A successful thesis requires a viable proposal, goal-setting, time management, and interpersonal skills on top of the disciplinary skills associated with your intended area of honors. This guide will walk you through the thesis process.
Planning a Senior Honors Thesis/Project
Students should begin planning to complete a thesis or project early in their academic endeavors.
Selecting a Topic
Some students start with an idea, others start with an advisor. A good thesis topic should be well-aligned with a student's interests, the faculty advisor's expertise, and the discipline for which the student is seeking a degree.
A good topic requires background knowledge but should also focus on an interesting question or problem that can be approached analytically, not just descriptively. A creative project should evoke hard thinking about the work to be done in its context of tradition and practice, and it should include an analysis in which students consider the work intellectually.
Above all, the topic must be realistic—that is, the student must be able to complete it satisfactorily in the semesters planned for the thesis. A topic that is too broad will not allow you to say something significant and interesting about it. A topic that is too ambitious may prevent timely graduation. Feasibility is a criterion for approval of a thesis proposal.
Selecting an Advisor
All theses must be formally directed by a full-time member of the Kent State University faculty in an appropriate discipline. The thesis advisor serves as a student's mentor throughout the entire process and also as the committee chair for the Oral Defense Committee.
Co-advisors are permitted if necessary, especially for students who wish to approach the thesis/project from an interdisciplinary perspective. A student with a history major, for instance, might wish to do a thesis that deals with the literary trends of a particular historical period (e.g., the Restoration or the French Revolution). In such a case, the student could have a primary advisor from History and a co-advisor from English.
Preparing the Proposal
Students planning a thesis will be registered for the 1 or 2 credit-hour Thesis Proposal Preparation during the semester before their senior year (spring of junior year for those in a traditional four year program). The goal of this semester is to permit the student and faculty advisor the ability to work together to narrow the thesis topic, write the proposal, and develop a reading list. Students are required to attend a series of workshops during the semester that offer assistant with library resources, Writing Center services, and Honors College expectations.

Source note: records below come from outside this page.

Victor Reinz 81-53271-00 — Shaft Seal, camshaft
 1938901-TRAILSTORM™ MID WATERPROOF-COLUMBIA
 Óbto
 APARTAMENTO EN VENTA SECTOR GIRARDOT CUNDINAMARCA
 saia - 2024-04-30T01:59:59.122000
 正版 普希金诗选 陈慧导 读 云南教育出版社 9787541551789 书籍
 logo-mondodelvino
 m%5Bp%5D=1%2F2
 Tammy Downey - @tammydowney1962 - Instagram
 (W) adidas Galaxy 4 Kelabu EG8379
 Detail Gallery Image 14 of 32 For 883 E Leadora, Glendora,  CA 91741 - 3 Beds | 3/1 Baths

The thesis student and the faculty advisor will sign a contract at the beginning of the semester that outlines the expectations for the thesis proposal. Attendance at these workshops is mandatory, and students who fail to demonstrate satisfactory completion will be prohibited from registering for additional thesis credit hours.
Writing the Proposal
The thesis proposal is a formal document that sets forth the parameters of the intended work that should reflect a carefully thought-out approach to the subject with sufficient elaboration to enable the advisor, the thesis coordinator, and the Dean to fully understand what you intend to accomplish. A proposal should be four to five paragraphs that includes the following:
- Identification of a Research Question or Objective:
- Rationale/Significance: Explain why your project is important. Explain what original contributions you hope to make beyond the existing work reviewed above. Explain the relevance of your project to the previous research in this subject area.

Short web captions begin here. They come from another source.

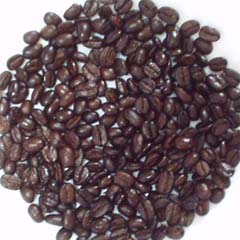 c0036617_834351.jpg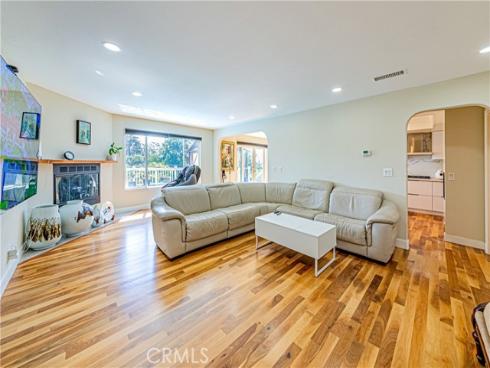 774  Stephens Ave  , Fullerton, CA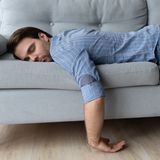 Brant on The Science of Doing Nothing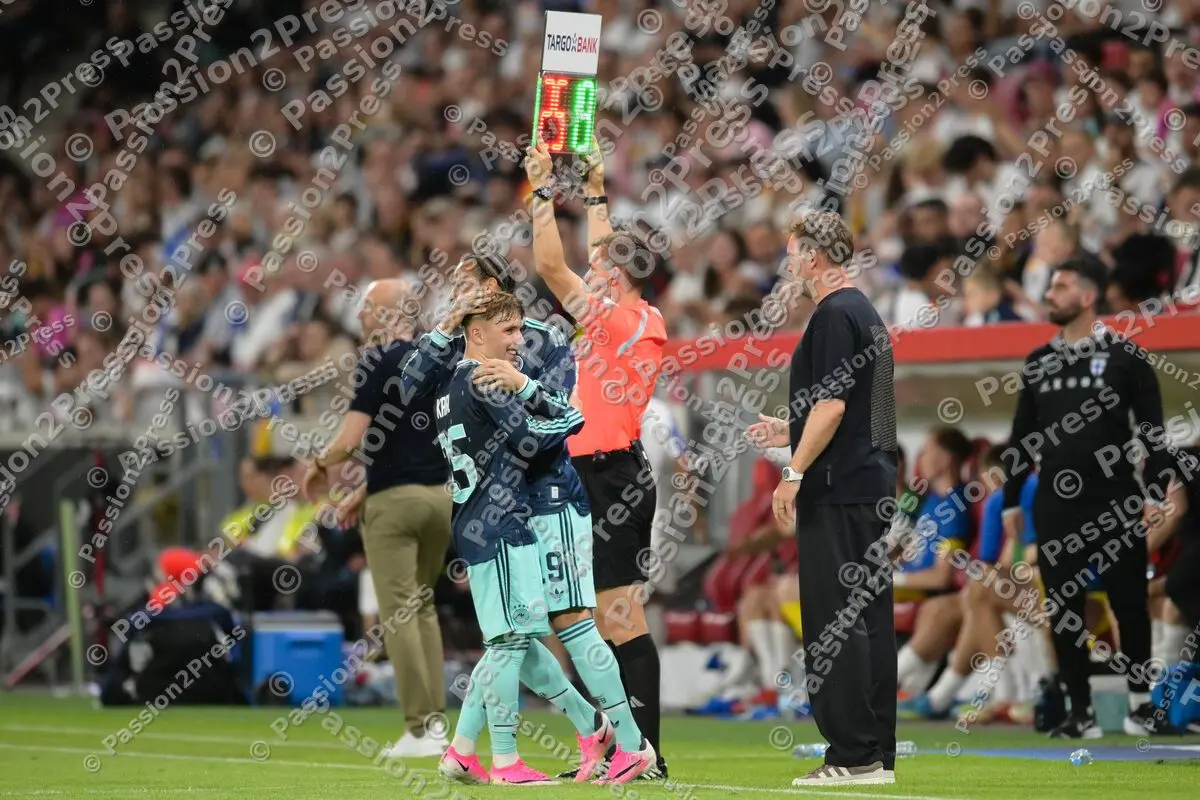 DFBFIN_20260531_2368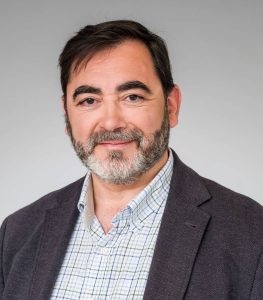 Ricardo-González-Ilunion-RRHH-recursos-humanos-factor-humano-fh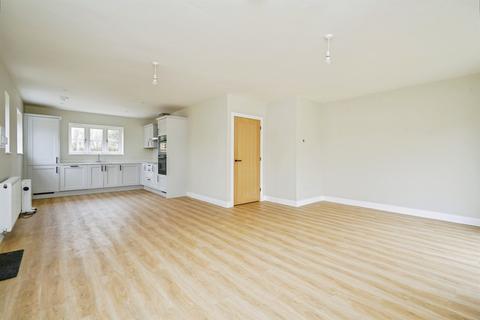 undefined, Worminghall Road, Ickford, Aylesbury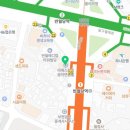925연습실 이미지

- Background/Literature Review: Explain the status of work in this field. Explain what other scholars or artists have accomplished in this area to date.
- Proposed Methodology: Explain how you will proceed. Explain how you will collect and analyze your data or materials. Explain how you will interpret your results. This is an extremely important section of the proposal. It is imperative that it be detailed and well constructed. Timetables, schedules, and budgets (where appropriate) are helpful.
- Preliminary Bibliography/Reading List: Include any references cited in the proposal and any important works that you expect to use during your research.